In early 1971, I wasn’t yet 16, but my good friend Ben had just earned his driver’s license, so I would ride shotgun and locate tunes on the AM radio stations. Among the songs that came up during those times was a lovely, poignant ballad called “If You Could Read My Mind.” The song ached of lost love and regret, told with wonderfully descriptive language and metaphors: “If I could read your mind, love, what a tale your thoughts could tell, /Just like a paperback novel, the kind the drugstores sell, /When you reach the part where the heartaches come, the hero would be me, but heroes often fail, /And you won’t read that book again
because the ending’s just too hard to take…”

This was my introduction to the musical talents of Gordon Lightfoot and, within a week, I bought the album it came from, “Sit Down Young Stranger,” a pleasing mix of original folk and country tunes played and sung impeccably by Lightfoot with his gifted accompanists (Red Shea on guitar and Rick Haynes on bass).
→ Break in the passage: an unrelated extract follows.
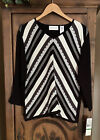 Nwt Alfred Dunner Women?S Size Large Black Chevron Knit Top 3/4 Sleeved Beaded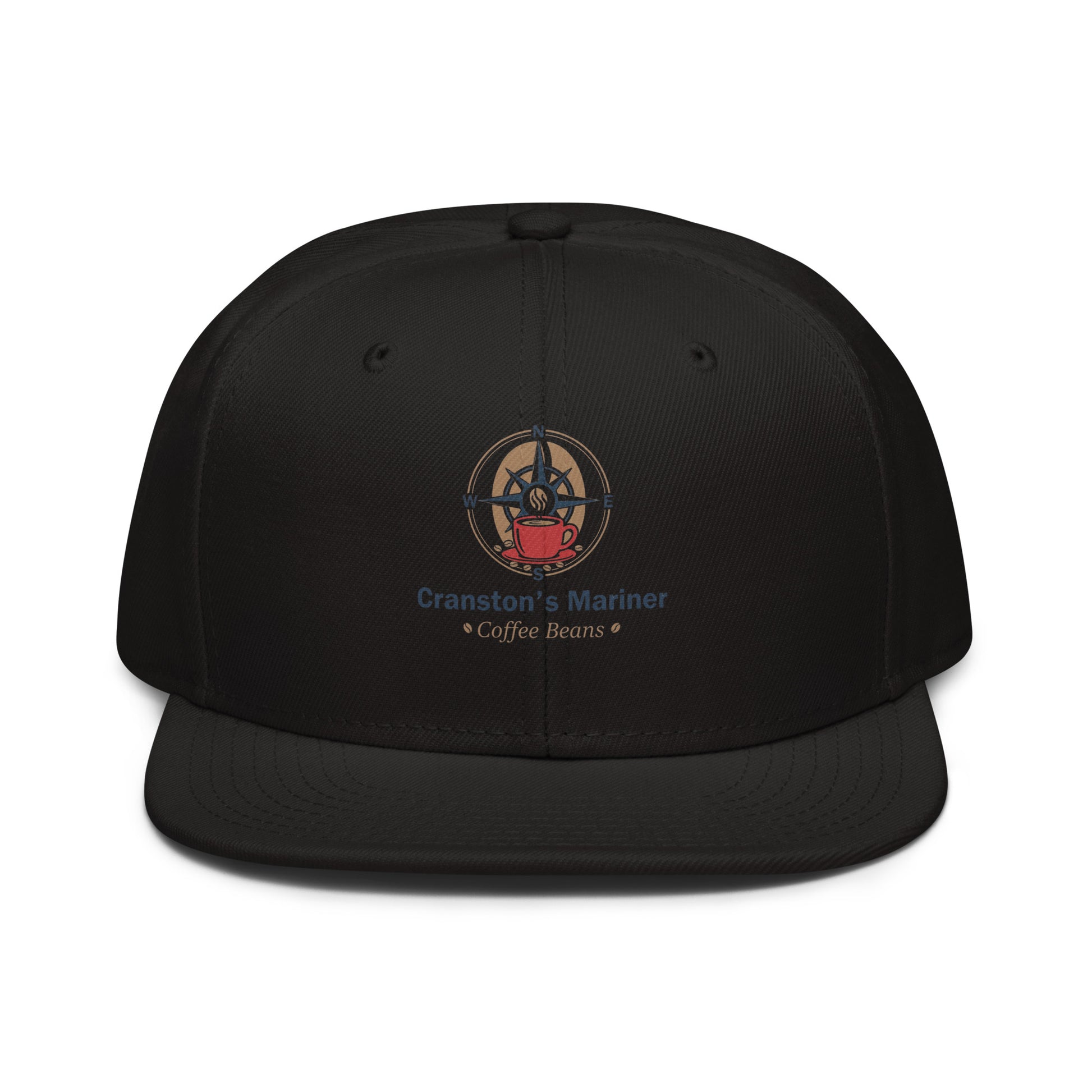 Snapback hat, black crown and brim, front logo patch with “Coffee Beans”.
With warm melodies like “Approaching Lavender” and “Minstrel of the Dawn” and a gentle reading of Kris Kristofferson’s “Me and Bobby Magee” (before Janis’s version made it her own), the album became glued to my turntable, at least until a newer LP, “Summer Side of Life,” was released a couple months later.

Lightfoot’s rich baritone, compelling acoustic guitar arrangements and, especially, his gorgeous melodies and poetic lyrics made me a big fan, placing him right up there with James Taylor and Cat Stevens in my singer-songwriter rankings. I enjoyed learning his music on guitar, especially “Miguel,” a heartbreaking tale of a man whose love drives him to desperate acts, and “Canadian Railroad Trilogy,” his epic retelling of the construction of the cross-country railway in the 1880s. All this kicked off a lifelong admiration of his music, including his earlier LPs from the late ’60s as well as future releases in the ’70s and beyond.
So it was with great sadness that I learned of his passing a few days ago at the age of 84. His deft merging of folk traditions with pop and country influences appealed to a broad swath of music lovers in his native Canada as well as in the US and elsewhere, as evidenced by his multiple appearances in the upper echelons of the popular music charts over the years, particularly in the Seventies. The great Bob Dylan has spoken of Lightfoot in glowing terms: “Often when I hear one of Gordon’s songs, I wished I had written it. It’s like I want it to last forever.”
Indeed, they’re in mourning this week all over Canada, where he is considered a national treasure. As Prime Minister Justin Trudeau put it, “We have lost one of our greatest singer-songwriters. Gordon Lightfoot captured our country’s spirit in his music, and in doing so, he helped shape Canada’s soundscape. May his music continue to inspire future generations, and may his legacy live on forever.”
Lightfoot grew up in rural Ontario and showed an early interest in music, singing in barbershop quartets and teaching himself folk guitar. He spent a year studying music composition and orchestration at Westlake College of Music in Los Angeles and developed an appreciation for jazz, but he soon returned to Canada and began performing in coffeehouses and clubs in Toronto, becoming an important contributor to that city’s burgeoning folk scene. Inspired by Dylan’s astonishing early work, Lightfoot honed his songwriting skills “to inject some personal identity into my songs,” he noted decades later. “I wrote songs about where I am and where I’m from. I took situations and wrote poems about them.”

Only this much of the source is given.